Thinking About Latent Positions Geometrically¶
You can also think about this stuff geometrically. The dot product between any two vectors \(u_i\) and \(u_j\), geometrically, is their lengths multiplied together and then weighted by the cosine of the angle between them. Smaller angles have cosines close to 1, and larger angles have cosines close to 0. So, nodes whose latent positions have larger angles between them tend to have lower edge probabilities, and nodes whose latent positions have smaller angles between them tend to have higher edge probabilities. This is the core intuition you need to understand why you can find communities and do downstream inference with latent position matrices: two nodes whose latent positions are further apart will have a smaller probability of having an edge between them!
import matplotlib.patches as patches
fig, axs = plt.subplots(1, 2, figsize=(20, 10))
####### First Ax
# background plot
ax = axs[0]
plot = sns.scatterplot(
x=X[:, 0],
y=X[:, 1],
hue=labels,
s=80,
ax=ax,
palette="tab10",
color="k",
)
ax.spines['left'].set_position('zero')
ax.spines['right'].set_color('none')
ax.spines['bottom'].set_position('zero')
ax.spines['top'].set_color('none')
ax.xaxis.set_ticks_position('bottom')
ax.yaxis.set_ticks_position('left')
ax.set_xlim([-1.2, 1.2])
ax.set_ylim([-1.2, 1.2])
# plot vector arrows
u_i = X[0]
u_j = X[-1]
ax.arrow(0, 0, u_i[0], u_i[1], head_width=0.03, head_length=0.03, fc='lightblue', ec='black')
ax.arrow(0, 0, u_j[0], u_j[1], head_width=0.03, head_length=0.03, fc='orange', ec='black')
# Text and text arrow
style = "Simple, tail_width=0.5, head_width=4, head_length=8"
kw = dict(arrowstyle=style, color="k", alpha=.3)
text_arrow = patches.FancyArrowPatch((0.2, 0.15), (.05, .01), connectionstyle="arc3, rad=.2", **kw)
txt = r"""
angle close to 90°, cos(angle) close to 0, so
dot product = probability of edge smaller
"""
ax.text(0.22, 0.07, txt)
ax.add_patch(text_arrow)
ax.set_title("Latent Positions In Different Communities \nHave A Lower Dot Product", y=1.05, fontsize=22);
####### Second Ax
ax = axs[1]
plot = sns.scatterplot(
x=X[:, 0],
y=X[:, 1],
hue=labels,
s=80,
ax=ax,
palette="tab10",
color="k",
)
ax.spines['left'].set_position('zero')
ax.spines['right'].set_color('none')
ax.spines['bottom'].set_position('zero')
ax.spines['top'].set_color('none')
ax.xaxis.set_ticks_position('bottom')
ax.yaxis.set_ticks_position('left')
ax.set_xlim([-1.2, 1.2])
ax.set_ylim([-1.2, 1.2])
# plot vector arrows
u_i = X[-1]
u_j = X[-2]
ax.arrow(0, 0, u_j[0], u_i[1], head_width=0.03, head_length=0.03, fc='orange', ec='black')

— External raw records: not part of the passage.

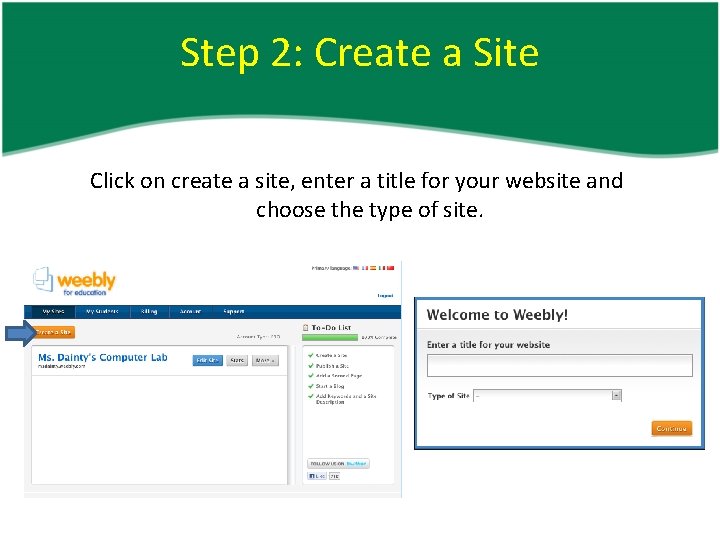 Step 2: Create a Site Click on create a site, enter a title for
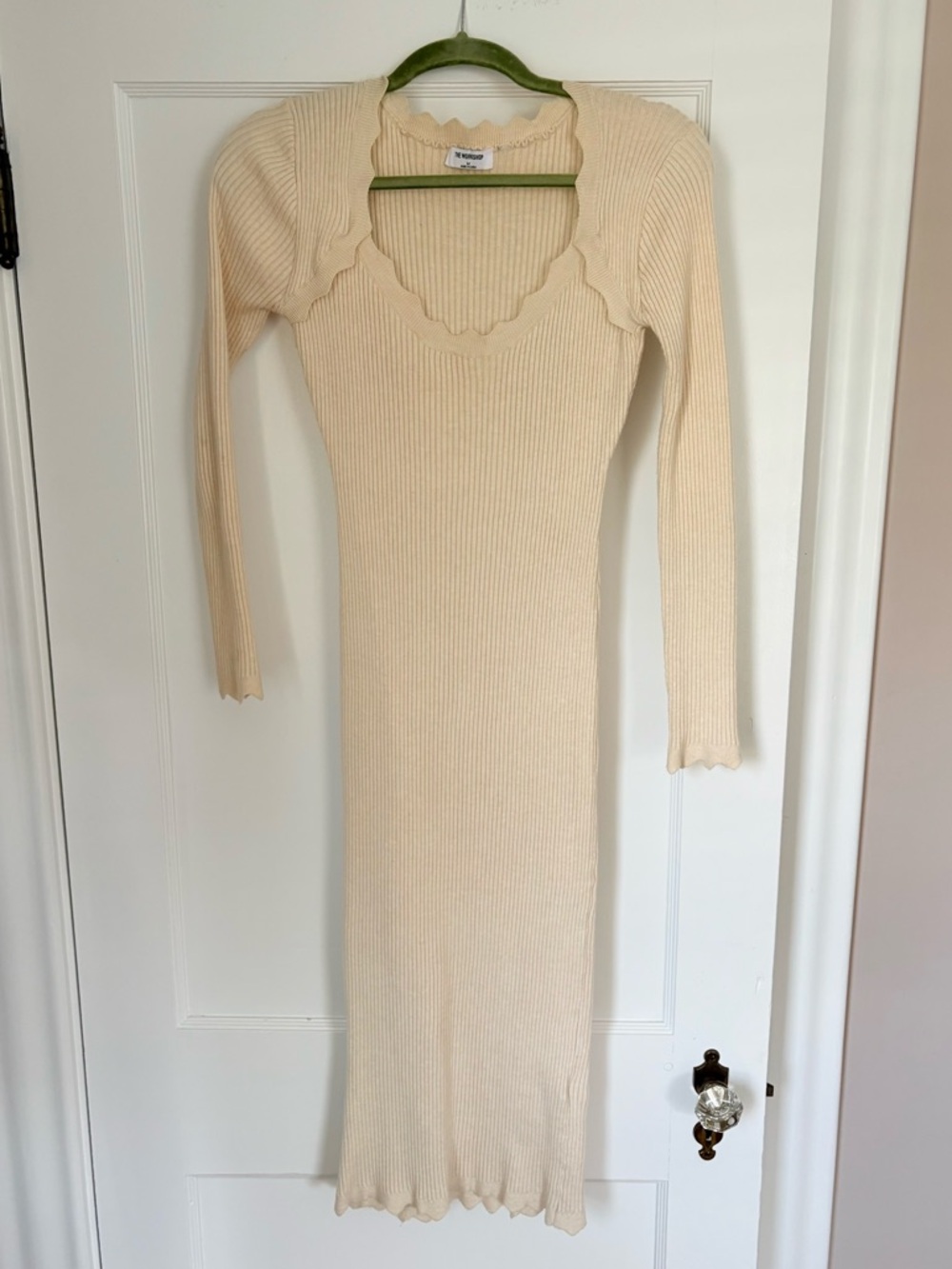 Ribbed Scallop-Trim Cream Knit Dress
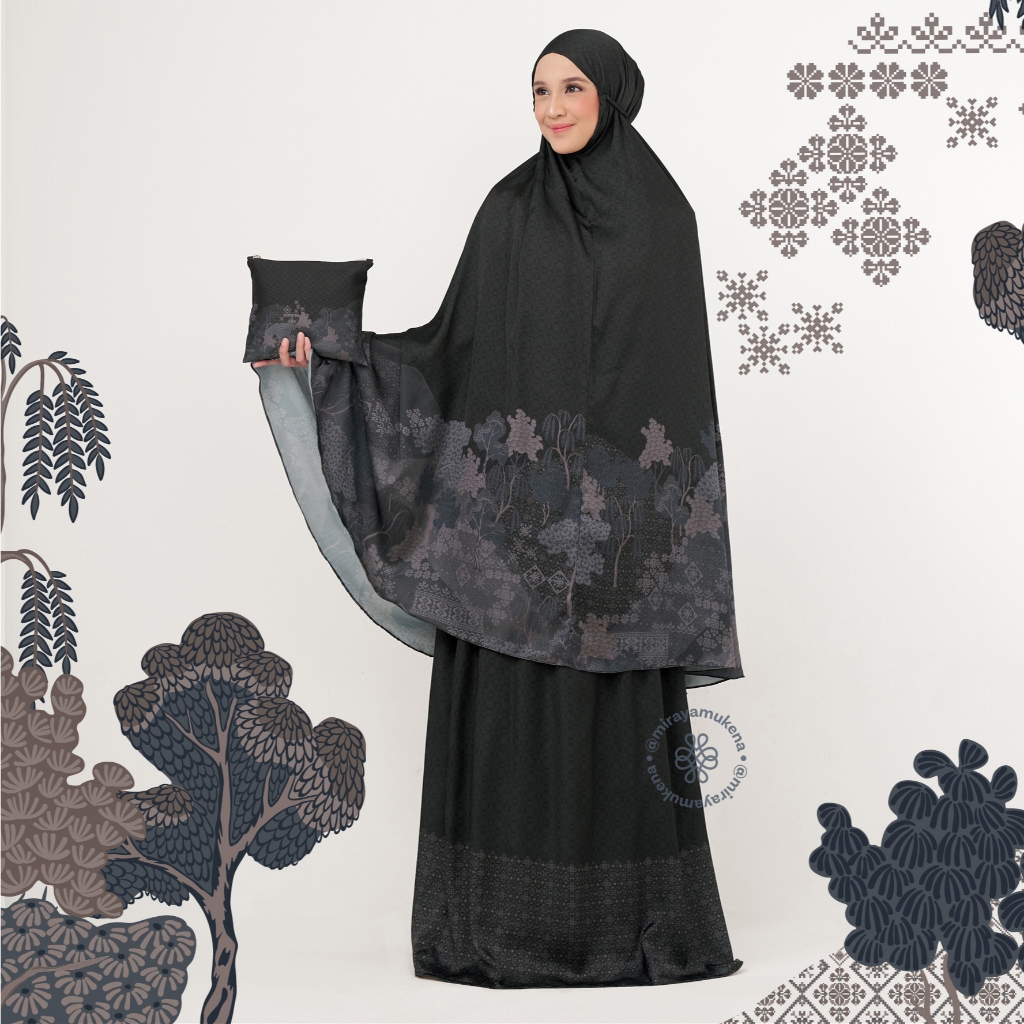 Mukena Travel Printing Miraya Jardin Black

ax.arrow(0, 0, u_j[0], u_j[1], head_width=0.03, head_length=0.03, fc='orange', ec='black')
# Text and text arrow
style = "Simple, tail_width=0.5, head_width=4, head_length=8"
kw = dict(arrowstyle=style, color="k", alpha=.3)
text_arrow = patches.FancyArrowPatch((0.2, .15), (0, 0), connectionstyle="arc3, rad=.7", **kw)
txt = r"""
angle close to 0°, cos(angle) close to 1, so
dot product = probability of edge larger
"""
ax.text(0.22, 0.07, txt)
ax.add_patch(text_arrow)
ax.set_title("Latent Positions In The Same Community \nHave A Higher Dot Product", y=1.05, fontsize=22);

If you have an estimate for the latent positions, there’s math that shows that you get a pretty good estimate for the block probability matrix as well. In practice, that’s what you’re actually doing: getting an estimate of the latent positions with spectral embedding, then using those to do more downstream tasks or estimating block probability matrices.